The tie() function binds a variable to a class (package) that will provide the implementation
for access methods for that variable. Once this magic has been performed, accessing a tied
variable automatically triggers method calls in the proper class. The complexity of the class is
hidden behind magic methods calls. The method names are in ALL CAPS, which is a convention that
Perl uses to indicate that they're called implicitly rather than explicitly--just like the
BEGIN() and END() functions.
In the tie() call, VARIABLE is the name of the variable to be enchanted. CLASSNAME
is the name of a class implementing objects of the correct type. Any additional arguments in the
LIST are passed to the appropriate constructor method for that class--meaning
TIESCALAR(), TIEARRAY(), TIEHASH(), or TIEHANDLE(). (Typically these are arguments such as might
be passed to the dbminit() function of C.) The object returned by the "new" method is
also returned by the tie() function, which would be useful if you wanted to access other methods
in CLASSNAME. (You don't actually have to return a reference to a right
"type" (e.g., HASH or CLASSNAME) so long as it's a properly blessed
object.) You can also retrieve a reference to the underlying object using the tied() function.

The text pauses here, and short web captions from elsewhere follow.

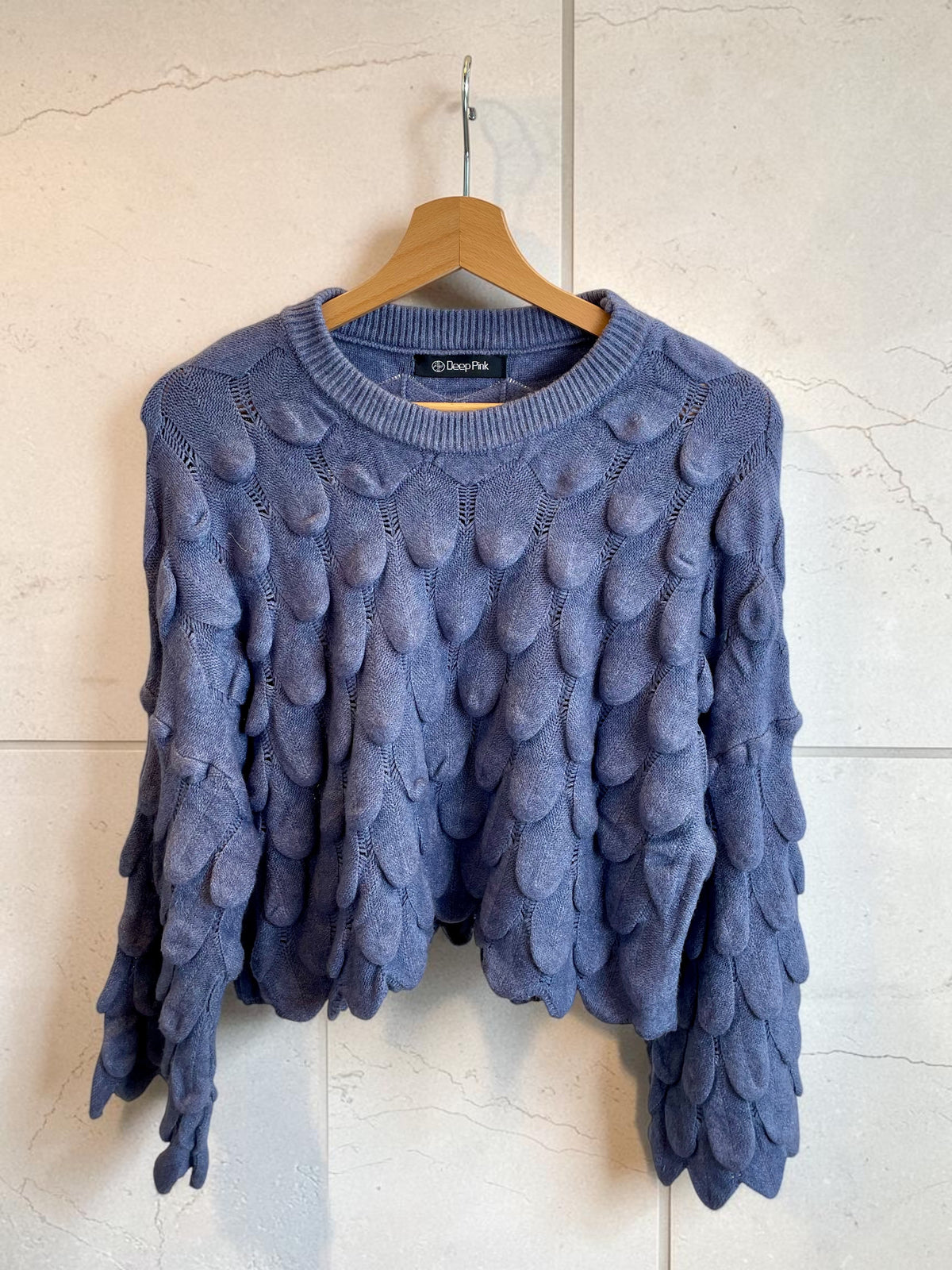 Kürzerer Strickpullover mit 3D-Blättermuster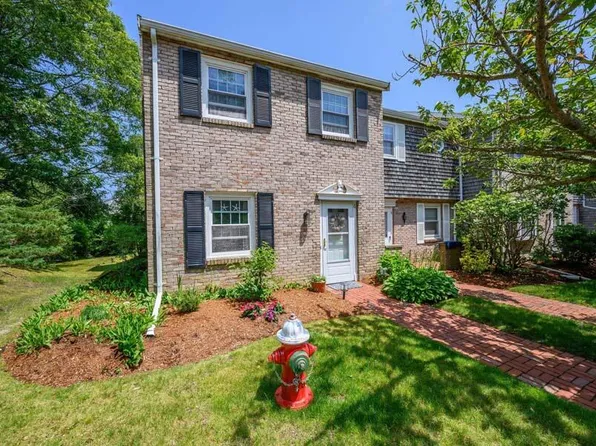 6 Captain Cook Lane #6, Centerville, MA 02632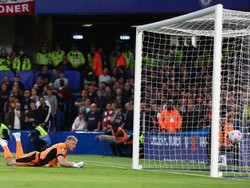 Chelsea membalas hanya empat menit kemudian, dari peluang yang juga diawali kesalahan Arsenal. David Klein/Reuters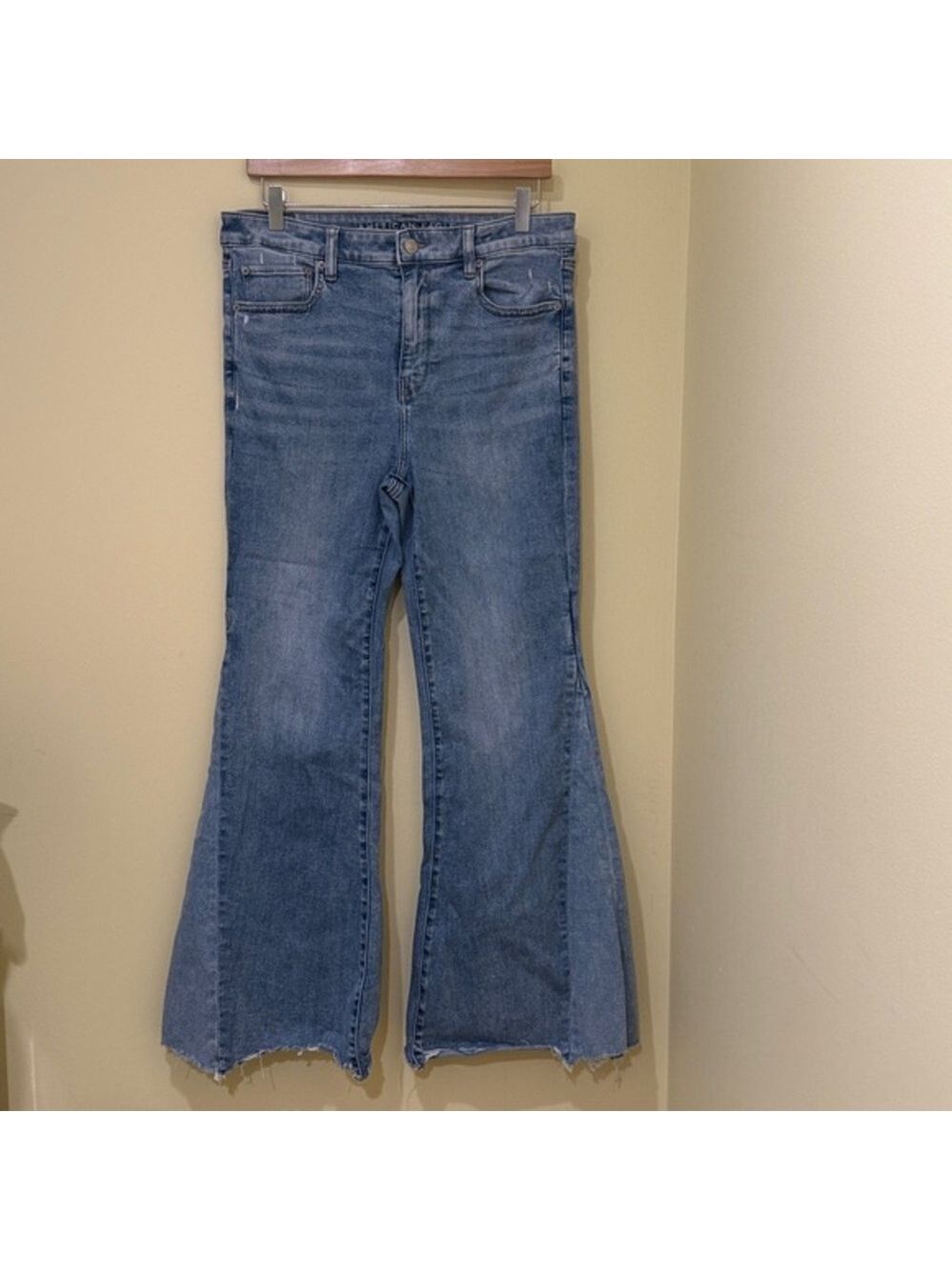 American Eagle Outfitters Denim Wide Leg Jeans Women’s Denim Flare Pants Size 14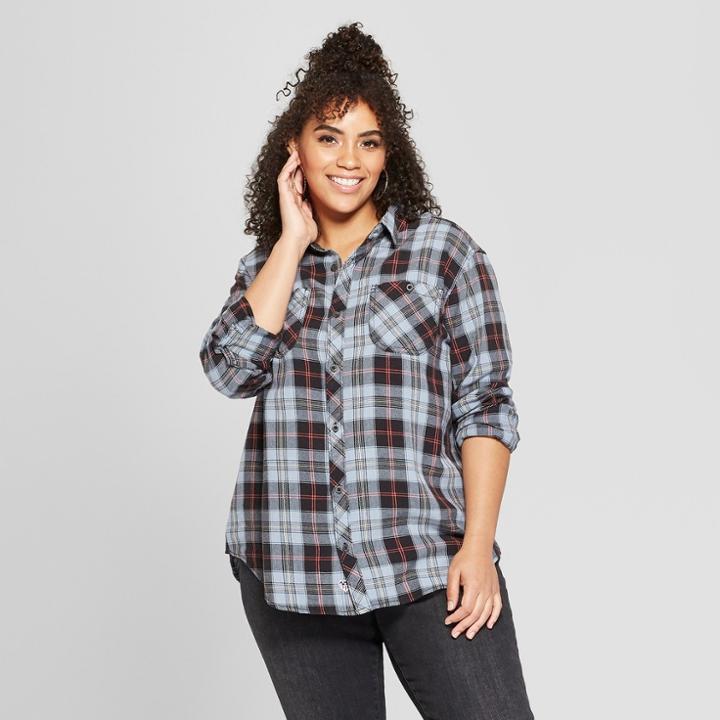 Junk Food Women's Plus Size Long Sleeve Button-down Flannel Shirt - Blue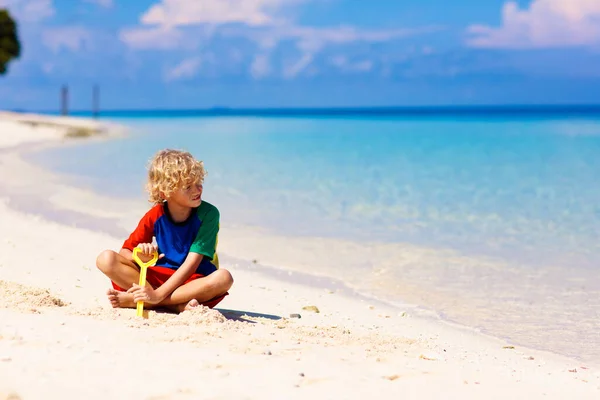 孩子们在热带海滩玩耍 沙子玩具 孩子们建造沙堡 孩子们暑假在海上玩耍 水的乐趣 在海滨的小男孩 带孩子旅行 — 图库照片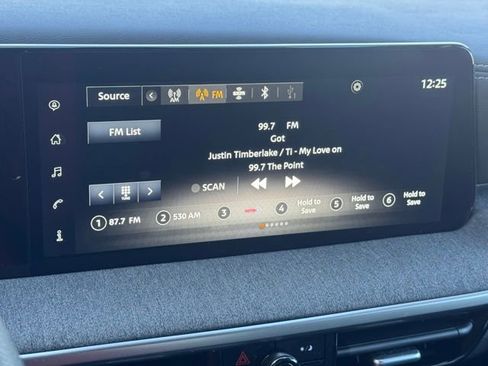 Certified 2025 Nissan Kicks SV image 30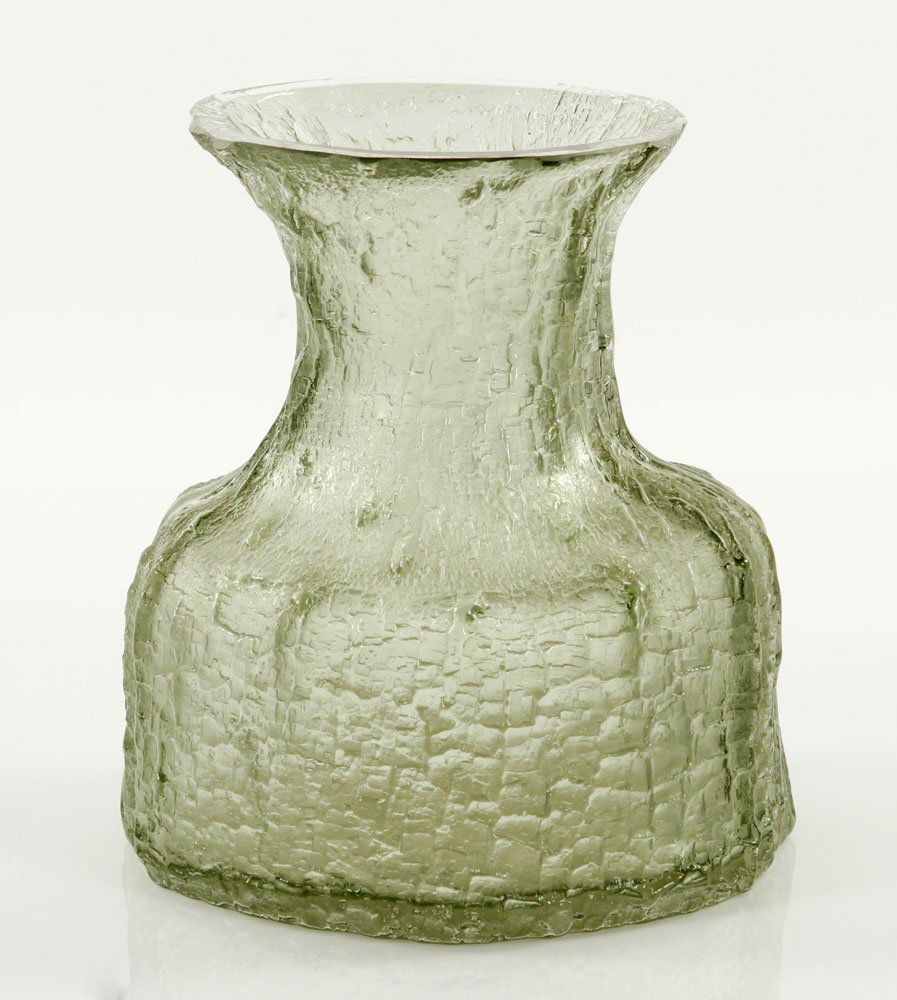 Sarpaneva Finlandia Art Glass Vase: Timo Sarpaneva (20th century) Finlandia art glass vase, signed "Timo Sapaneva," underside and numbered 2251, 7" h x 6 1/2" dia. Provenance: From a Putnam, CT estate.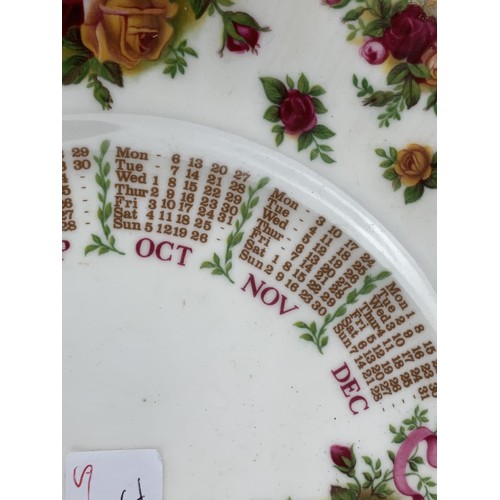 480 - ROYAL ALBERT OLD COUNTRY ROSE 1980 CALENDER PLATE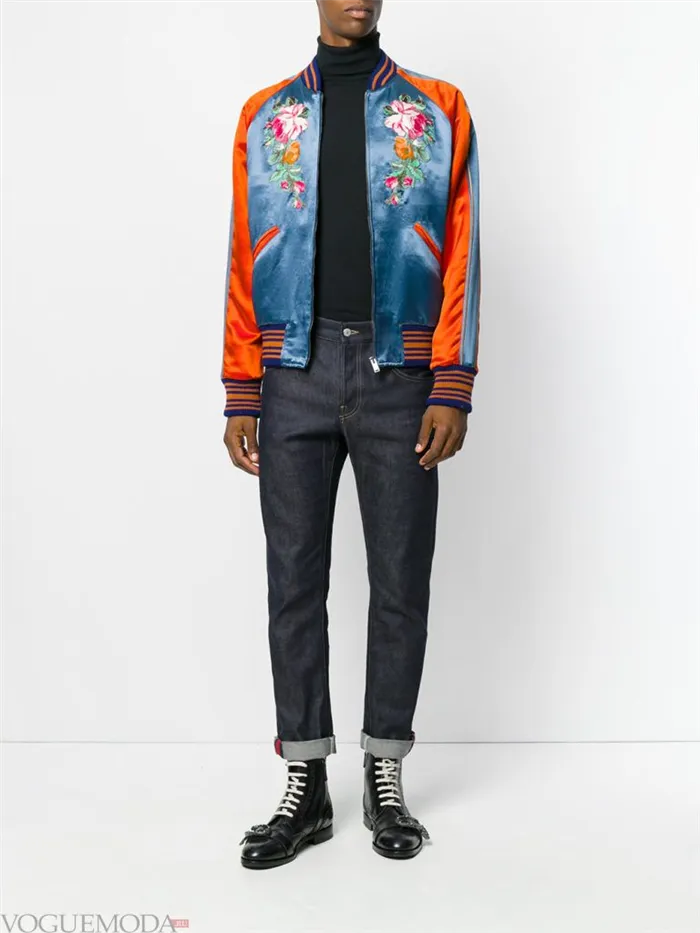 Мужская куртка-бомбер блочного цвета и джинсы с отворотом 
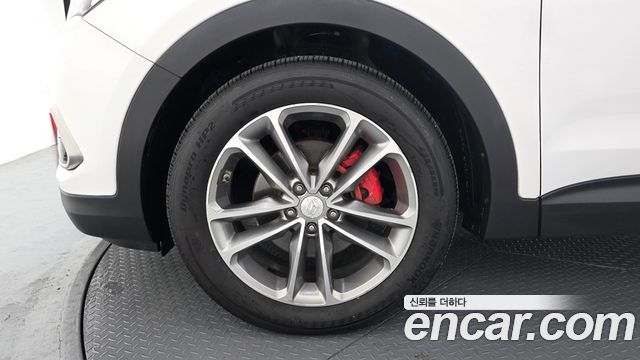 Hyundai Santafe 2016 — photo 5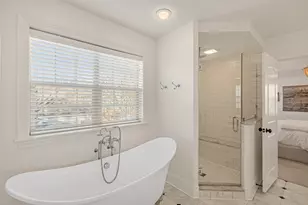 629 Kenwood Ave, Libertyville, IL 60048 - Photo 17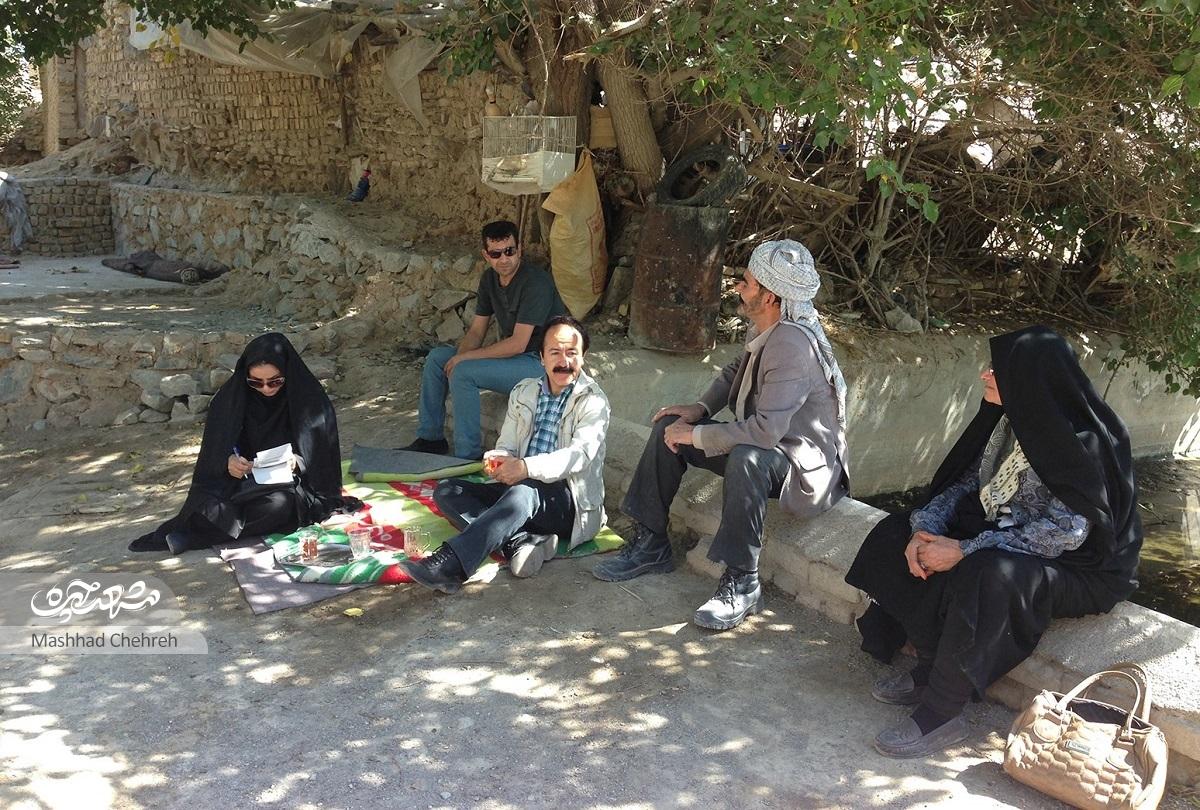 سایه برج‌های ارتفاعات جنوب سال‌هاست بر سر روستای «کلاته‌سرهنگ» سنگینی می‌کند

Unlike dbmopen(), the tie() function will not use or require a
module for you--you need to do that explicitly yourself.
See DB_File or Config for some interesting tie()
implementations. A good starting point for many tie() implementations is with one of the modules
Tie::Scalar, Tie::Array, Tie::Hash, or Tie::Handle.
You cannot easily tie a multilevel data structure (such as a hash of hashes) to a dbm file.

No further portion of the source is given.